Of course, there’re perfectly understandable reasons for our using antics like Fortran, legacy code being probably the most prominent one; and physicists not having the needed expertise might well an important one too (but let me rush to say that efficiency of the code is not a good excuse these days). But i’m convinced that numerical physics would be vastly improved if we imported some expertise from the professional computing world. I’m told by friends in the field that some of the most ‘advanced’ guys are trying things like C++ and Java (instead of Fortran) these days: i’m sorry, but these languages were current some 20 years ago, and we’ve learnt since then how to avoid many of the pitfalls and unnecessary complexities they carry on. Much more interesting is to use interactive languages like Python (to be on the conservative side) or, if you ask me, functional languages like Scheme or Haskell. To give you a glimpse of what i’m talking about, here is how you’d write quicksort in Fortran 95; in Haskell, it’s a two-liner:

qsort []     = []
qsort (x:xs) = qsort (filter (< x) xs) ++ [x] ++ qsort (filter (>= x) xs)

Fortunately, not every one sticks to Fortran these days: Michele Vallisneri’s Synthetic LISA is a beautiful example of a step in the right direction, and i’m glad to see that numerical libraries like PETSC do in fact provide Python bindings. But, as i said, i think (after nine years or so of earning a living writing computer programs) that there are even better ways. As a matter of fact, i’m seriously considering the possibility of writing some LISA simulation code using Scheme. What deters me, besides lack of time, is the enormous weight of tradition: almost everybody out there in the physics community is using those C and Fortran libraries, and that means millions of lines of well-tested code and wondrous results like those black hole mergers. The easiest thing to do is to go with the flow, but still…

(By the way, these comments are by no means intended as a critique of Baker et al. work, which is impressive as it stands. Besides, for what i know, they may well be using far more sophisticated techniques than plain Fortran or C. My rants are more geared towards many other cases i’ve seen of physics programmers which were anything but sophisticated.)

Technorati Tags: , , , , , ,


20 Responses to “New physics, old computing”

  1. What’s the fastest computer on the earth? » chuyskywlk Says:

    […] New physics, old computing […]

  2. Alex Says:

    Thank You

  3. Pierre-Yves Gérardy Says:

    Answering a two years old post…

    Sussman and Wisdom used Scheme back in the early 90’s to prove that the motion of the planets of the solar system was chaotic…

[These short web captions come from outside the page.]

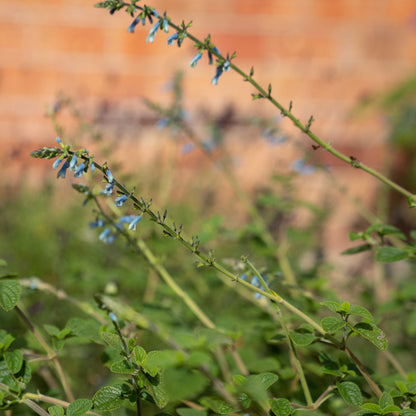 Salvia bullulata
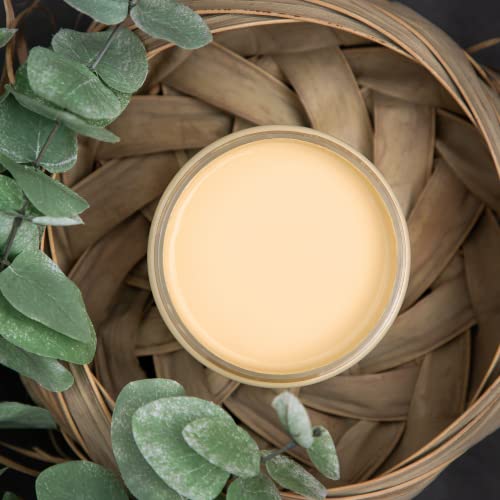 Chalk Mineral Paint (4 Fl Oz)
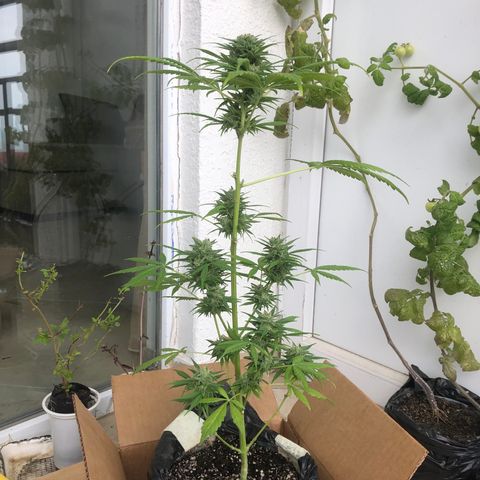 Sweet tooth auto  growlog photo: Срезала утром 3 мини веточки из середины, там усы уже очень темные, белых нет.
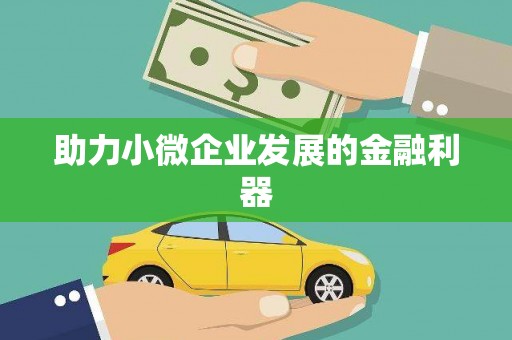 武清助力小微企业发展的金融利器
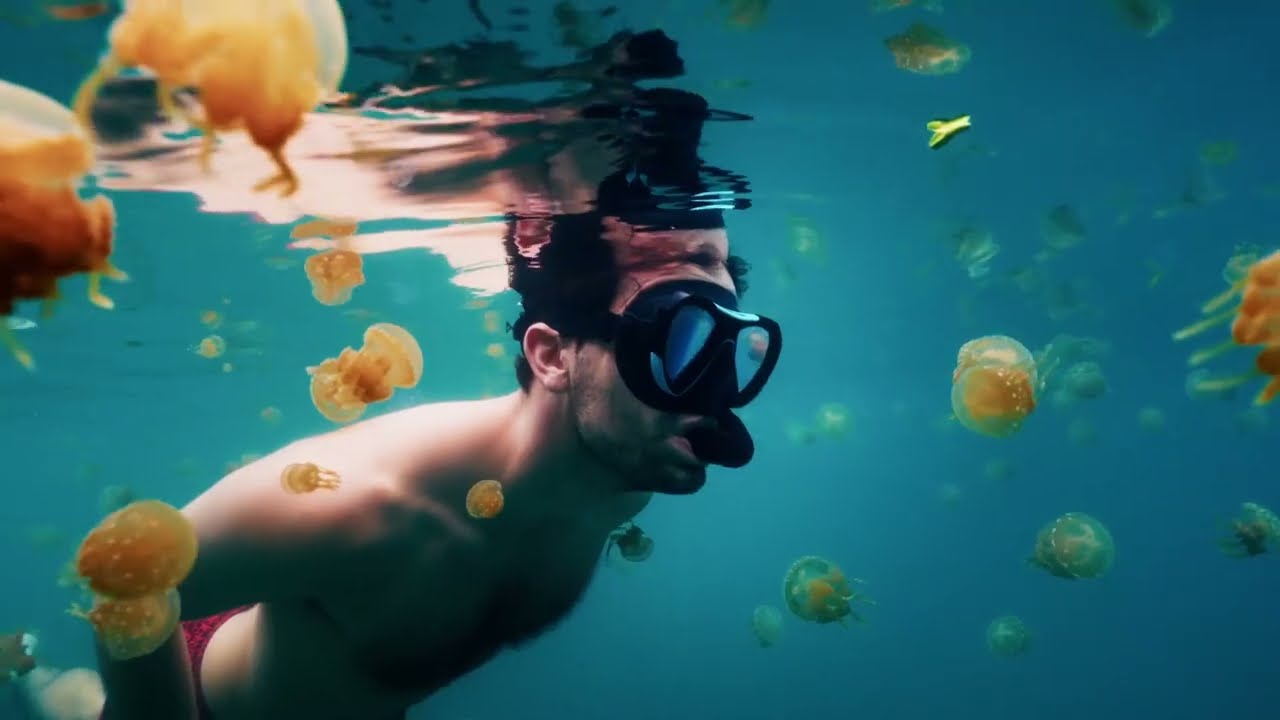 ⁣Sailing Raja Ampat with Jakaré Liveaboard & Exploring Indonesia’s Most Beautiful Reefs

    they even published a book describing their methodology (new functional notation for physics equations, and how to implement them in Scheme) : “Structure an Interpretation of Classical Mechanics” for the free full text online.

  4. Nico Says:

    Thanks for the interesting blog.

    I would imagine that if you’re talking about running code on “an impressive array of supercomputers” that efficiency of code _is_ important.

    But code efficiency is one factor among many in deciding what combination of language, algorithms, hardware, etc. will give you the best solution to whatever criteria you might find relevant. In addition to performing the simulation, some other factors might be the total time it takes to arrive at a solution, computing cost, programming time, etc.

  5. Adam Hupp Says:

    The Fortress language (currently in development at Sun) is being designed to fill the niche that Fortran currently resides in.

    “Fortress is a new programming language designed for high-performance computing (HPC) with high programmability. ”

    One of the more exciting features is its heavy use of mathematical notation:

  6. Aaron Denney Says:

    That’s _not_ quicksort in Haskell. Quicksort is very carefully specified to be in place, and not allocate lots of memory while shuffling the elements around. Haskell is a great language, but a true Haskell quicksort looks far more complicated than this.

  7. RandomInt() Says:

    C++ FTW.
    Fast, efficient, runs on anything.

  8. Rasmus Ulvund Says:

    As Aaron said:

    This is not quicksort.

    This algorithm begins thrashing much sooner.

  9. Warren Henning Says:

    I was dismayed at the presence of Fortran among applied math and physics people in college.

    I’m pretty sure MATLAB, LabView, and other (unfortunately, mostly proprietary) tools are quite popular among engineering (as opposed to science) people.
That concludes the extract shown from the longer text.